Я не мог избавиться от привычки держать руки в карманах большую часть выступления. Мне понадобилось еще немного времени, чтобы набраться смелости, положить руку на микрофон, снять его и немного походить с ним по сцене. Только когда это произошло, я почувствовал: я, Фил Коллинз, официально стал вокалистом.
Шестинедельный тур по США, и снова мы начинали наши гастроли по миру именно с Америки. Она все еще была во многом для нас приоритетом. Мы встречали непонимающие взгляды в Германии – там нас полюбили только после выхода Duke в 1980 году, – но мы знали, что можем заработать денег в США.
Впереди нас неслись Led Zeppelin: они уже были на вершине. В Великобритании на одном уровне с нами были Yes, Emerson, Lake & Palmer, Supertramp и некоторые другие группы. Но у нас все еще не было международного хита.
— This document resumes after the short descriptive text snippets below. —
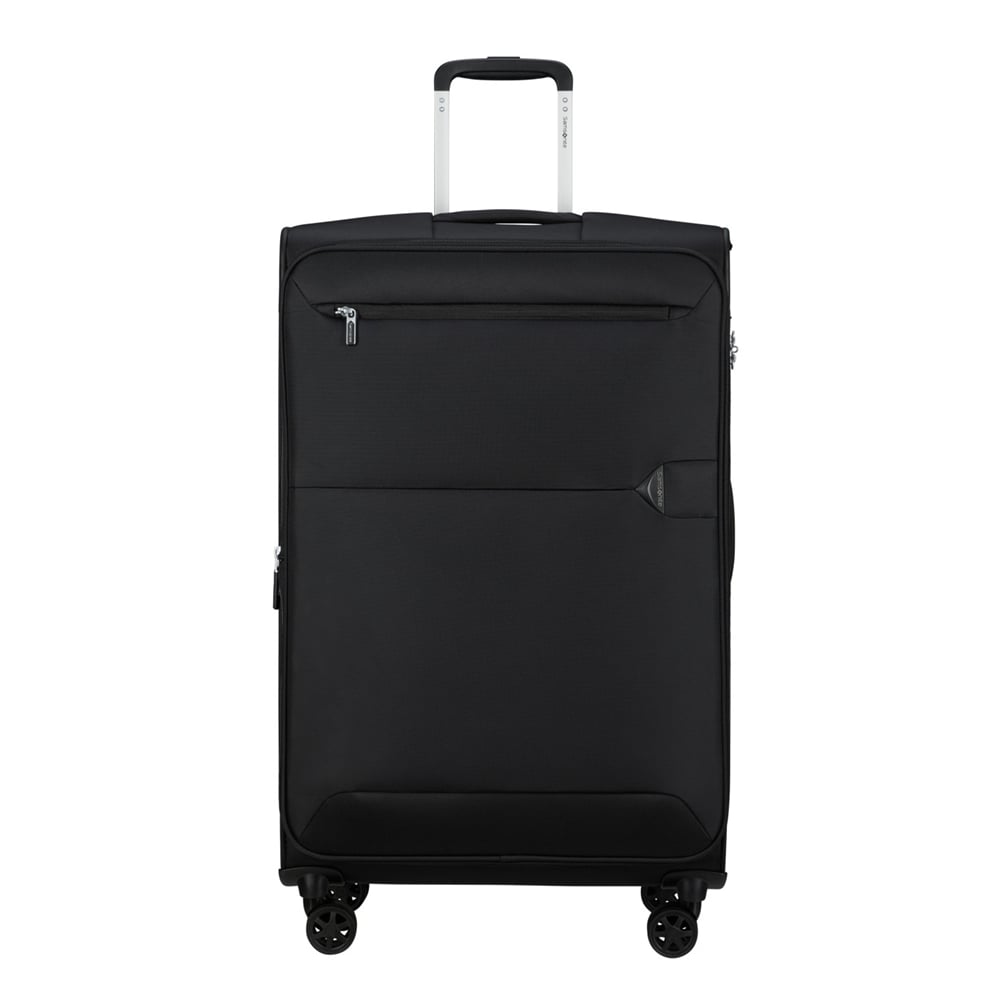 Samsonite Siyah Urbify Spinner - Körüklü Büyük Boy Valiz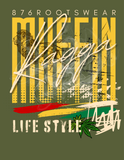 Ragga MUFFIN | Styled Scooped Neck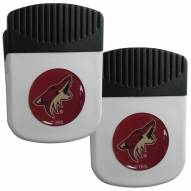 Arizona Coyotes Clip Magnet with Bottle Opener - 2 Pack
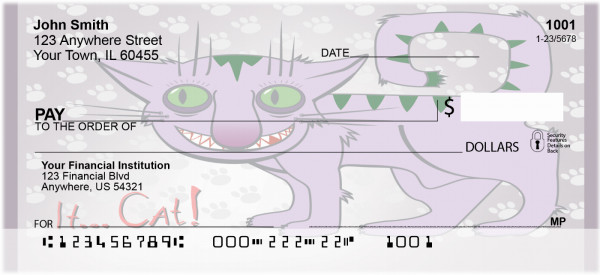 IT Cat! Personal Checks
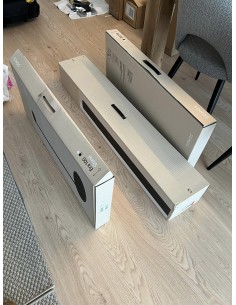 Cine en casa Sonos 5.1 con tv Sony 4k 2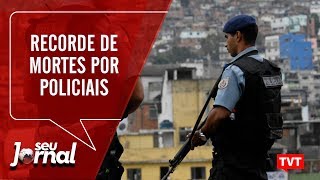 1 em cada 10 mortes violentas no Brasil é causada pela polícia [upl. by Nehcterg]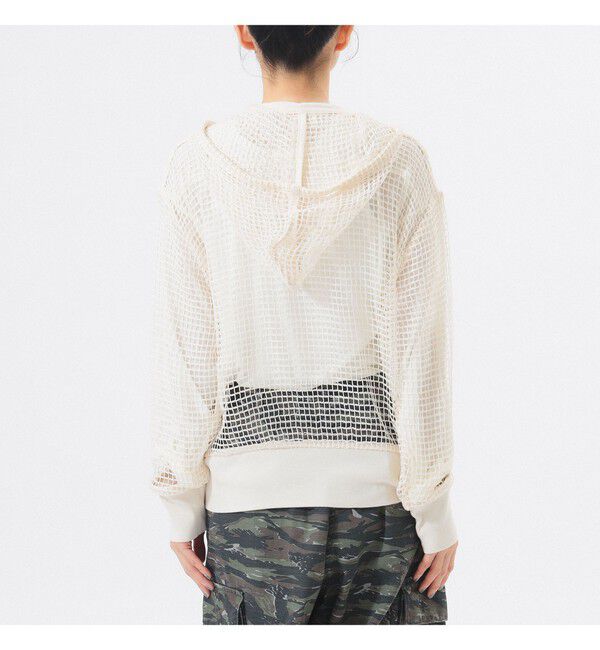 BEAMSBOY「ビッグ メッシュ フーディー」|Tシャツ・カットソー|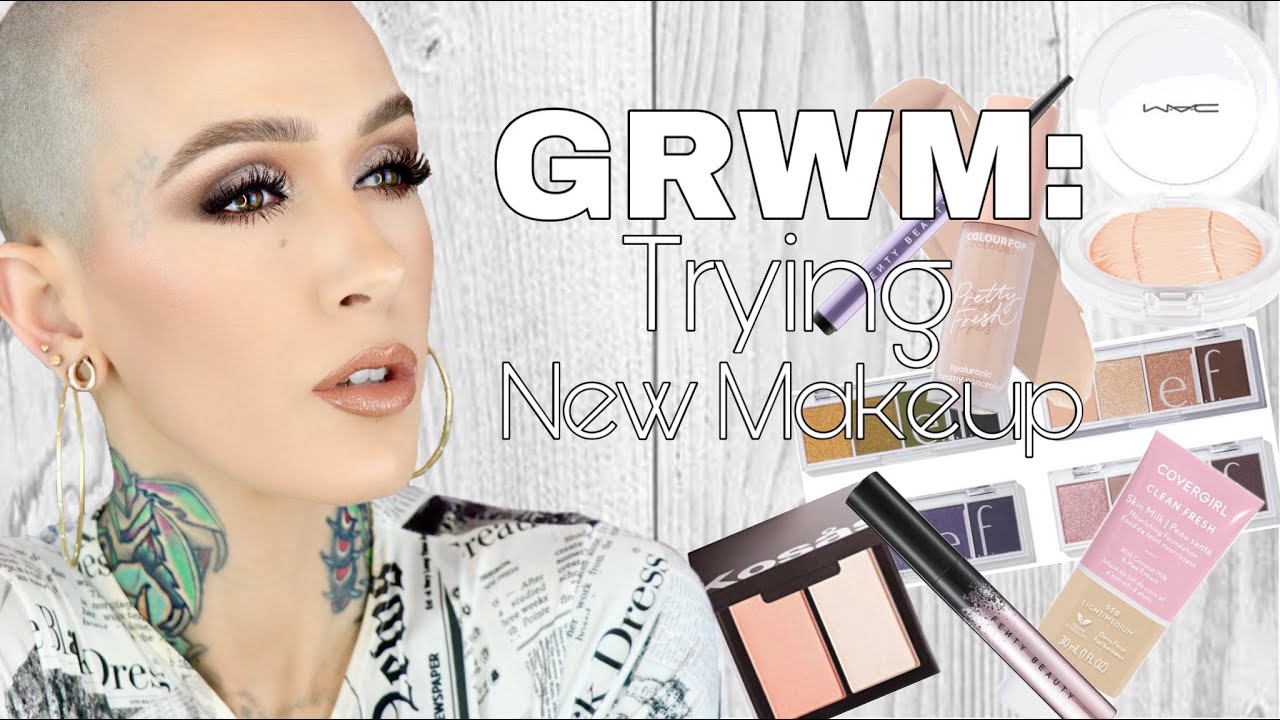 GRWM: Trying New Makeup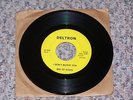 GARAGE ROCK 1966 DELTRON 45rpm BED OF ROSES I DON'T BELIEVE YOU/HATE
Нас все еще крутили только по радио. Мы были культовой группой. Известной культовой группой.
Меня хвалили в отзывах и интервью, и меня воодушевляла поддержка Энди, когда ей удавалось приехать с Джоули на мой концерт. Все были удивлены, насколько хорош я был. «Ого, – говорили мне люди. – Ты отлично поешь. Прямо как Питер». Не знаю, считать ли мне это комплиментом. Но тогда я был рад любым положительным отзывам.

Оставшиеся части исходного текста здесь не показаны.